Metadata-Version: 2.4
Name: excelminer
Version: 0.0.3
Summary: Extract and normalize Excel workbook artifacts (sheets, connections, formulas) into a lightweight graph.
Author-email: Brent Carpenetti <brentwc.git@pm.me>
License: MIT License
        
        Copyright (c) 2025 Brent Carpenetti
        
        Permission is hereby granted, free of charge, to any person obtaining a copy
        of this software and associated documentation files (the "Software"), to deal
        in the Software without restriction, including without limitation the rights
        to use, copy, modify, merge, publish, distribute, sublicense, and/or sell
        copies of the Software, and to permit persons to whom the Software is
        furnished to do so, subject to the following conditions:
        
        The above copyright notice and this permission notice shall be included in all
        copies or substantial portions of the Software.
        
        THE SOFTWARE IS PROVIDED "AS IS", WITHOUT WARRANTY OF ANY KIND, EXPRESS OR
        IMPLIED, INCLUDING BUT NOT LIMITED TO THE WARRANTIES OF MERCHANTABILITY,
        FITNESS FOR A PARTICULAR PURPOSE AND NONINFRINGEMENT. IN NO EVENT SHALL THE
        AUTHORS OR COPYRIGHT HOLDERS BE LIABLE FOR ANY CLAIM, DAMAGES OR OTHER
        LIABILITY, WHETHER IN AN ACTION OF CONTRACT, TORT OR OTHERWISE, ARISING FROM,
        OUT OF OR IN CONNECTION WITH THE SOFTWARE OR THE USE OR OTHER DEALINGS IN THE
        SOFTWARE.
        
Requires-Python: >=3.12
Description-Content-Type: text/markdown
License-File: LICENSE
Requires-Dist: oletools
Requires-Dist: openpyxl
Provides-Extra: calamine
Requires-Dist: pandas; extra == "calamine"
Requires-Dist: python-calamine; extra == "calamine"
Provides-Extra: com
Requires-Dist: pywin32; platform_system == "Windows" and extra == "com"
Provides-Extra: test
Requires-Dist: pytest>=7.0.0; extra == "test"
Requires-Dist: pytest-cov>=4.0.0; extra == "test"
Provides-Extra: dev
Requires-Dist: pytest>=7.0.0; extra == "dev"
Requires-Dist: pytest-cov>=4.0.0; extra == "dev"
Requires-Dist: black; extra == "dev"
Requires-Dist: flake8; extra == "dev"
Requires-Dist: mypy; extra == "dev"
Requires-Dist: isort; extra == "dev"
Requires-Dist: pre-commit; extra == "dev"
Provides-Extra: all
Requires-Dist: pandas; extra == "all"
Requires-Dist: python-calamine; extra == "all"
Requires-Dist: pywin32; platform_system == "Windows" and extra == "all"
Requires-Dist: pytest>=7.0.0; extra == "all"
Requires-Dist: pytest-cov>=4.0.0; extra == "all"
Requires-Dist: black; extra == "all"
Requires-Dist: flake8; extra == "all"
Requires-Dist: mypy; extra == "all"
Requires-Dist: isort; extra == "all"
Requires-Dist: pre-commit; extra == "all"
Dynamic: license-file

# excelminer

`excelminer` extracts Excel workbook artifacts into a small, normalized in-memory graph (nodes + edges) that you can serialize to deterministic JSON.

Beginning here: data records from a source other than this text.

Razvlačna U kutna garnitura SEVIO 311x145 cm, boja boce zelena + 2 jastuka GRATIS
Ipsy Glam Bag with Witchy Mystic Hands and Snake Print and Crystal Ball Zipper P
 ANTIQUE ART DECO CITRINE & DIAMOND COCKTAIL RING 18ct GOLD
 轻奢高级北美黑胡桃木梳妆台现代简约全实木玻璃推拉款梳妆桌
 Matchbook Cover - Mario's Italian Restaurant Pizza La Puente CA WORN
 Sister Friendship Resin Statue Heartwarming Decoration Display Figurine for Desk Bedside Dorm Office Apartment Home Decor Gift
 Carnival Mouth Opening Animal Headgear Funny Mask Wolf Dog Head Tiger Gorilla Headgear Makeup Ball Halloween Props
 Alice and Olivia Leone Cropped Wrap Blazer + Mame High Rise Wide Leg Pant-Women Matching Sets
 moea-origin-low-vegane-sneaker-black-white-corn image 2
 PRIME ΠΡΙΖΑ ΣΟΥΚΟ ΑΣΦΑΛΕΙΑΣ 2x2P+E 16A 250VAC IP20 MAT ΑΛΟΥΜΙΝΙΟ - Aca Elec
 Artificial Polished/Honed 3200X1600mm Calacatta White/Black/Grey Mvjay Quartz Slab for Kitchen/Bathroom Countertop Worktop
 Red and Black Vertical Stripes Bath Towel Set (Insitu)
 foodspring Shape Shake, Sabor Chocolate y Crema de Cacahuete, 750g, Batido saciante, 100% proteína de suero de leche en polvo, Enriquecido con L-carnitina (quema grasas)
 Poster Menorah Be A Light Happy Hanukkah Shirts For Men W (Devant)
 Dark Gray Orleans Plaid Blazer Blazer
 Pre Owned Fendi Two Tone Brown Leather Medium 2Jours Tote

It is designed for inventory, analysis, and reproducible diffs (stable ordering), not for “opening Excel” or evaluating formulas.

[![Python 3.12+](https://img.shields.io/badge/python-3.12+-blue.svg)](https://www.python.org/downloads/)
[![License: MIT](https://img.shields.io/badge/License-MIT-yellow.svg)](https://opensource.org/licenses/MIT)

## What you can extract

From OOXML files (`.xlsx/.xlsm/.xltx/.xltm`) without Excel installed:

- sheets
- defined names
- connections + basic source inference
- Power Query queries (when stored as `xl/queries/*.xml`)
- Power Query mashup-container detection (best-effort, metadata-only)
- pivot tables + pivot caches (best-effort)
- VBA project metadata + module text for macro-enabled OOXML (`.xlsm/.xltm/.xlam`)
- formula text + basic dependencies (via `openpyxl`, when enabled)

Optional enrichment:

- used-range “value blocks” via calamine (fast scanning)
- Windows Excel COM automation (for legacy formats like `.xls/.xlsb` and opt-in enrichment for modern OOXML)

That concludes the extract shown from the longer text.